EDIT: Looking at the Symfit documentation, it seems like parameters(s)
is just a shortcut, and you can actually just do:
params = [Parameter("p{}".format(i + 1)) for i in range(n)]
which doesn't require you to build your own joined string of all the parameter names just so Symfit can split them back into individual parameter names.

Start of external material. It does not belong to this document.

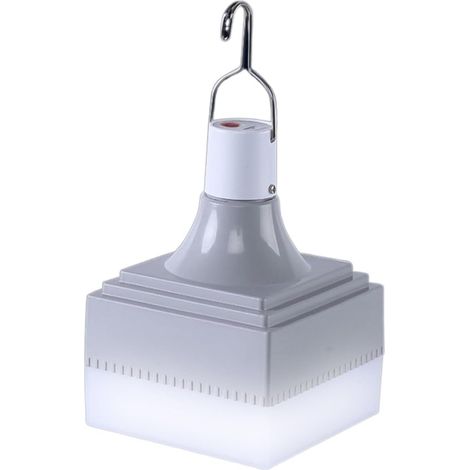 Ampoule rechargeable sans fil pour le camping, lampe de secours nocturne pour l'extérieur, étanche, 5 vitesses, 120 W (1/4)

This would also allow you to define other properties for your parameters, such as their initial values or their min/max bounds.
- You can generalize the
Eq
constraint:
coeffs = [xdata[0]] + [(xdata[i+1] - xdata[i]) for i in range(n-1)]
eq_constraint = Eq(sum(param * coeff for param, coeff in zip(params, coeffs), 1)
Or, as another answer does this, using numpy operations:
coeffs = np.concat(xdata[:1], np.diff(xdata))
eq_constraint = Eq(np.sum(params * coeffs), 1)
- You can generalize the
Ge
constraints:
ge_constraints = [Ge(params[i + 1], params[i]) for i in range(n - 1)] + [Ge(params[-1], 0]
constraints = [eq_constraint] + ge_constraints
Again this could be done using numpy operations, but I'll leave that to @user3483203's answer.
- You can multiply all the parameters using
reduce
:
model = reduce(lambda x, y: x * y, params, 1)
Or using numpy.prod
:
model = np.prod(params)
This should be enough to generalize the above to arbitrary N.